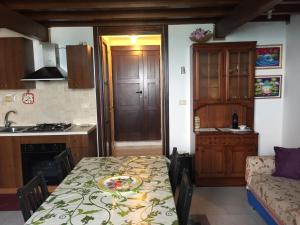 Tolomei House Holidays Sea View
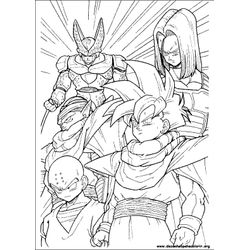 Dragon Ball Z #14113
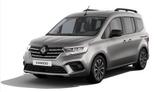 Renault Kangoo E-TECH elektr. AC 22 Techno Comf. Range - Renault Kangoo E-TECH Tageszulassungen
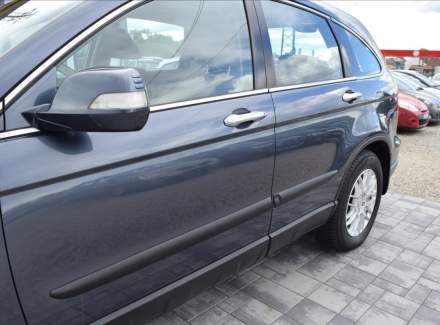 Honda - CR-V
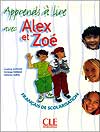 Apprends a Lire Avec Alex et Zoe - Click Image to Close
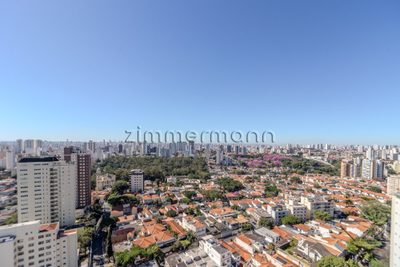 Flat/Apart Hotel, 1 quarto, 42 m² - Foto 2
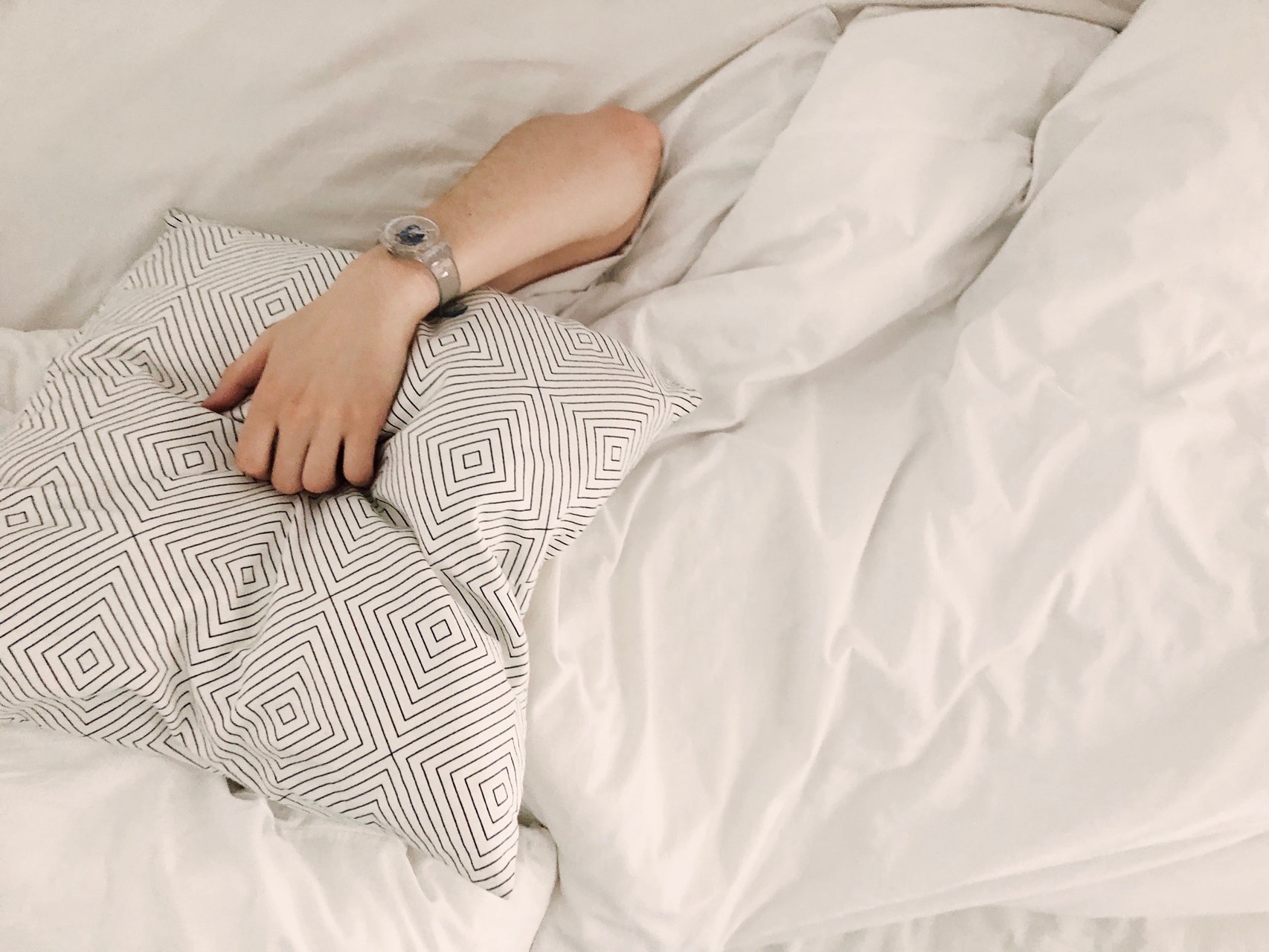 Apnea: the undiagnosed disorder that’s killing us as we sleep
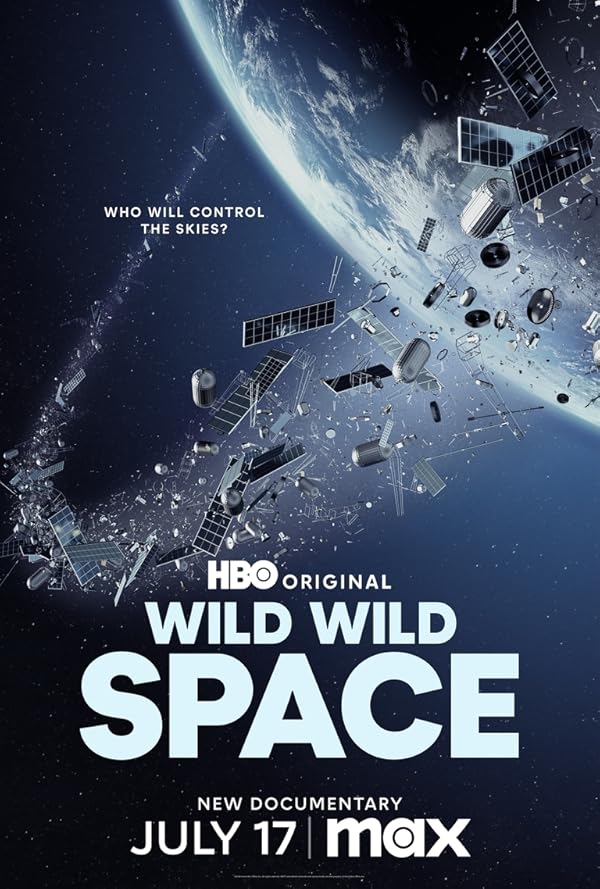 دانلود صوت دوبله فیلم Wild Wild Space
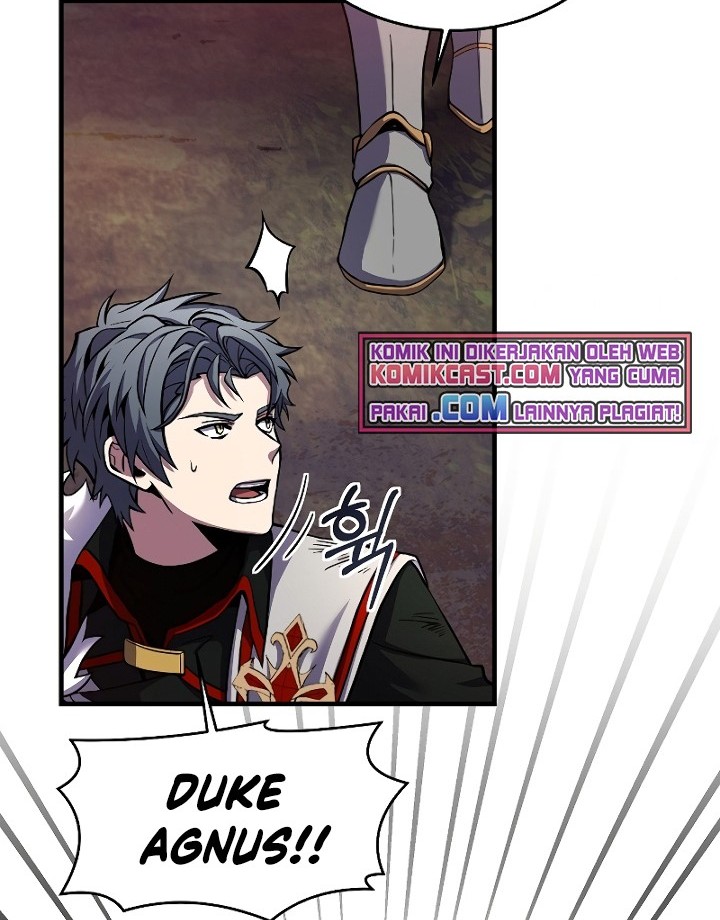 Return of The Greatest Lancer Chapter 18 - halaman 49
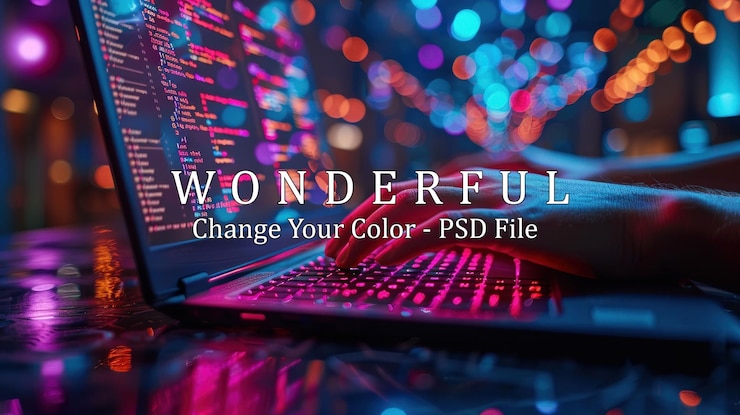 PSD coding in the night
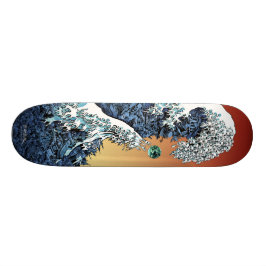 Skateboard Emek "Ola"
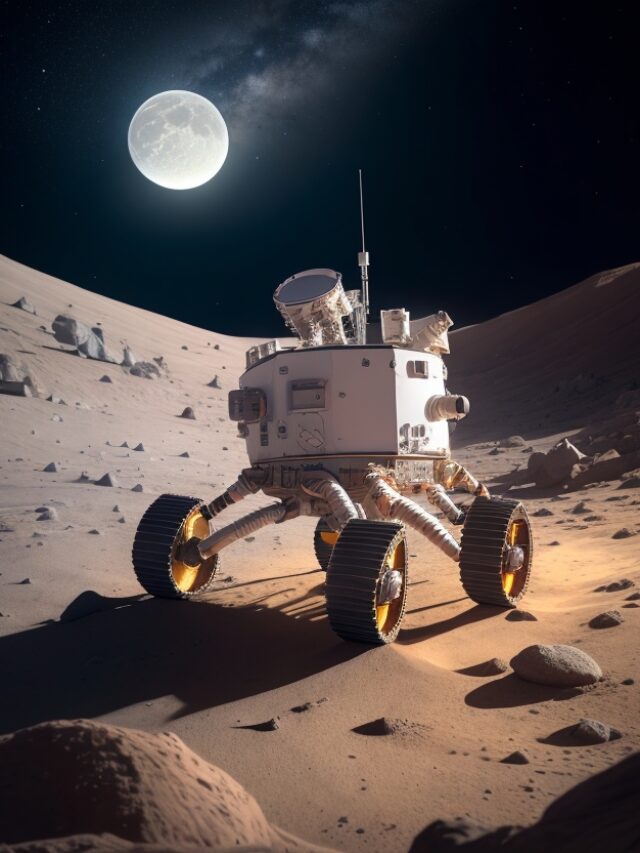 Exploring India’s Ambitious Chandrayaan-3 Moon Mission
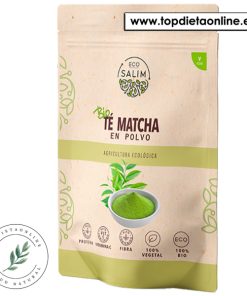 Te matcha Eco Salim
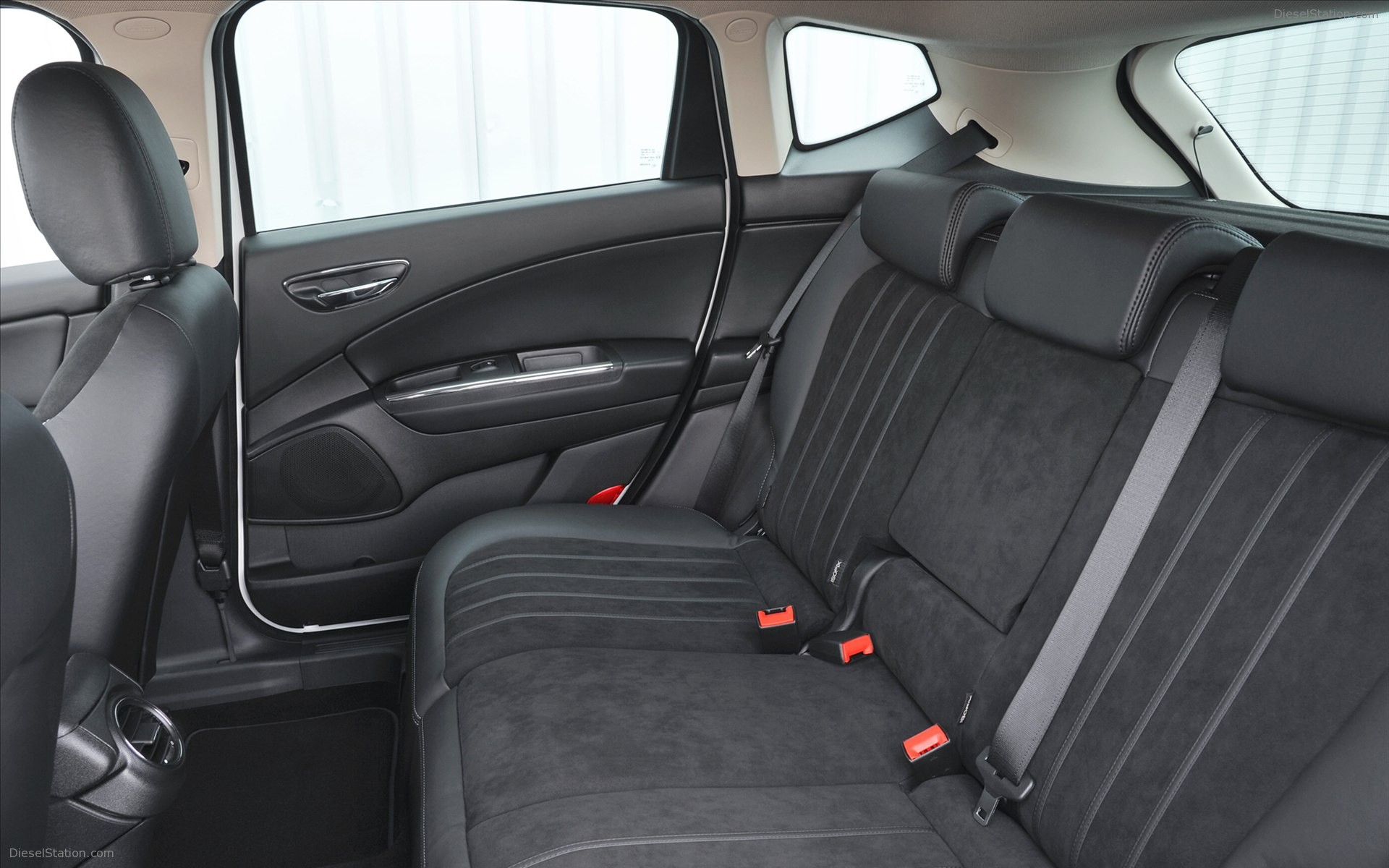 Chrysler Delta 2012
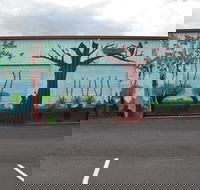 Jambama Art Gallery - Northern Rivers Accommodation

**Exercise details:**
Every line from the one with "PSD coding in the night" through the end of the records above belongs in the answer, copied exactly; no picture does.

**Result of this exercise:**
 PSD coding in the night
 Skateboard Emek "Ola"
 Exploring India’s Ambitious Chandrayaan-3 Moon Mission
 Te matcha Eco Salim
 Chrysler Delta 2012
 Jambama Art Gallery - Northern Rivers Accommodation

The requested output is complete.